*Exercise requirements*
What does the data read, word for word, from the line containing "欧美霸气帅哥纹身头像图片" through its final line? Give those lines only.

*Input data*
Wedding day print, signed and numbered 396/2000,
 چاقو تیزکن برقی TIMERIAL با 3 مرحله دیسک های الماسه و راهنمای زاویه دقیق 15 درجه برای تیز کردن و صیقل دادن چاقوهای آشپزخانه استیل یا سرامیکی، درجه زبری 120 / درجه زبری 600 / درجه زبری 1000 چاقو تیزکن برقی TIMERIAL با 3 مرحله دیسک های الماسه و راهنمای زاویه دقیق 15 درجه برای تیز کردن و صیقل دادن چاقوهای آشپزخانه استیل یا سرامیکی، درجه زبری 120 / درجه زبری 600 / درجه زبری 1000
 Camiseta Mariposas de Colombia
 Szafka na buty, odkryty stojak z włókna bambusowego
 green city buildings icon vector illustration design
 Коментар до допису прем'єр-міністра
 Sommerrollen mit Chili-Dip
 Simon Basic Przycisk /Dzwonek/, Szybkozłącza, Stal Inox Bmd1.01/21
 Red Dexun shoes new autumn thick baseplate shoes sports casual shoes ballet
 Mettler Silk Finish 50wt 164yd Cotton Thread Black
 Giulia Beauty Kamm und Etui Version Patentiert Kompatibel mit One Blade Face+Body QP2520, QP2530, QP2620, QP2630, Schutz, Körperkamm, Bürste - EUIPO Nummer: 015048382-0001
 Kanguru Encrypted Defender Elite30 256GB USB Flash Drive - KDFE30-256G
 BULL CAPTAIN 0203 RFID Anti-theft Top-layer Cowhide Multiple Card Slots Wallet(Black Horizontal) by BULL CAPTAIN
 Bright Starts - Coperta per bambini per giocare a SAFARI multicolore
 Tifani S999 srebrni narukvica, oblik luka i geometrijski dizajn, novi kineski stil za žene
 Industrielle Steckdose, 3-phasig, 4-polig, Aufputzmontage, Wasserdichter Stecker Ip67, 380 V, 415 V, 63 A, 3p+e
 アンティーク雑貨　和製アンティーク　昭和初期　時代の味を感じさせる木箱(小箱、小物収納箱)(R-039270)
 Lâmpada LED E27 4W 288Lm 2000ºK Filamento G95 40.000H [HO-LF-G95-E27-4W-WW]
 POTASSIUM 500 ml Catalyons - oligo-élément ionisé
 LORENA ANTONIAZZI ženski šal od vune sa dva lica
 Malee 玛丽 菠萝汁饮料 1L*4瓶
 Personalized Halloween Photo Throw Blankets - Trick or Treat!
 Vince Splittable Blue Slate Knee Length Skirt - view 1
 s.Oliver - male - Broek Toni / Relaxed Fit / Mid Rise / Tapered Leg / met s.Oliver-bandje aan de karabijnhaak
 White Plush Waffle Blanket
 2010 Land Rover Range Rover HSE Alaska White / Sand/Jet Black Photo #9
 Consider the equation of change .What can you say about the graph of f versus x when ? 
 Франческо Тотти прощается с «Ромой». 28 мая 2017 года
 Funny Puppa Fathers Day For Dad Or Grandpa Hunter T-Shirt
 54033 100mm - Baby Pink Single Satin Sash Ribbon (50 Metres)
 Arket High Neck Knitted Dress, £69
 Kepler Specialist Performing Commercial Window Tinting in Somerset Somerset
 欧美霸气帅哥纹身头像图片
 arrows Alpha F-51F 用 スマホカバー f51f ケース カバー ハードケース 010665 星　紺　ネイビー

*Exercise solution*
 欧美霸气帅哥纹身头像图片
 arrows Alpha F-51F 用 スマホカバー f51f ケース カバー ハードケース 010665 星　紺　ネイビー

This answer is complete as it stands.